All they are simply doing is guiding you in the correct direction. As an example, if you are normally fit and well, and now complaining of a cough / sore throat / new backache etc they will guide you towards the local chemist(s) who are qualified to treat you (FREE OF CHARGE) under the Choose Pharmacy (please ask Reception for details). In many cases, there will be no need to see a GP, whose appointments will be freed up for more urgent cases. We now offer more next day appointments for routine and less urgent problems in addition to the usual appointments offered within 2 weeks.

Patients who want to ask a simple question to a GP are unlikely to need to make an appointment to see a GP. This can be done by asking the receptionist to ask the same question to the GP. How this is done is by the receptionist putting in what we call “an overnight query”. They will “Task” the GP with the question, and they will reply to that question by 2pm the following day. It really is as simple as that. Yet again, it will free up a GP appointment.

We also have a high proportion of Patients making an appointment to ask the GP for a “Support Letter” for one reason or another. What should happen is that (most patients) should be writing to the GP with their request, the reason why and if necessary with your written agreement to release any personal information to a third party. This is not part of the GMS Contract and is seen as private work. This is why we are allowed to charge for such services. These letters can often take up a lot of time as the GP needs to read through medical records for each patient before completing a letter. At this time, I need to point out that around 20% – 25% of all such letters, after completion, are never collected by the requesting Patient and end up being shredded, which once again is a waste of a GP appointment. We have (by Law) 21 days to complete this written request.

Please remember that you still have the right to tell the Receptionist that your request to see a GP is “Private and Confidential”. What will happen in this case is that the Receptionist will pass on your reason (even if it is Private & Confidential) to a GP or Nurse who will call you back at some stage during the day. At the reception desk we realise that you may not wish to tell the receptionist for fear of being overheard. This is not a problem. You can either ask to speak to the receptionist in private or you will be given a slip of paper that will then be handed on to the GP. Once again, if they cannot deal with your problem on the phone, you will be offered an appointment by them whilst you are on the phone.
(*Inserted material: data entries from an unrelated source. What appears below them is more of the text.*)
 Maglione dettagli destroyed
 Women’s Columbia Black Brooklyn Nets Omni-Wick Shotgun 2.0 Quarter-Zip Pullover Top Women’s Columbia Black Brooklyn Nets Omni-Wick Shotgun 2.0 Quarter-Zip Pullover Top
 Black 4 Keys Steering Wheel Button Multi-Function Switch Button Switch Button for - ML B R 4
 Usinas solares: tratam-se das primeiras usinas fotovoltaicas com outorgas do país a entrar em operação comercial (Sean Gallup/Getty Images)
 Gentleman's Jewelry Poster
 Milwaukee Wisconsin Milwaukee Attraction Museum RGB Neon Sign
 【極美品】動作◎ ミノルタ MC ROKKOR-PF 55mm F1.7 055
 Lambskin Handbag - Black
What are we trying to achieve?

Ultimately, what we are trying to do is free up the GP appointment slots (especially the urgent ones) for people who NEED to see a GP. By running our system this way there should be a marked improvement to our appointment system.

It is fully understood that some patients will not be happy about this and will state that they know when they need to see a GP. Once again, this is not a problem, however (up to) 299 others say the same thing. If this was the case, there would be no need to change the system and everyone would be happy with it as it was. Patients are not happy with this and want things to change. The only way it will change is if we guide people to utilise other Professional Healthcare people and facilities because these current numbers of patients (up to 300) are still going to insist on being seen each and every day.

On some days our GPs are seeing up to 80 + urgent extra patients (on top of their booked surgeries). This is becoming unsafe and we need to utilise all our services and not send everyone in to see a GP.

We will review this system at the end of the year and may if necessary make further changes to it. You are of course welcome to feed back to us (by letter) any ideas you may have but ask you to bear with us at this time of transition.

If you are unhappy, we politely ask that you DO NOT take your frustrations out on our Reception Staff.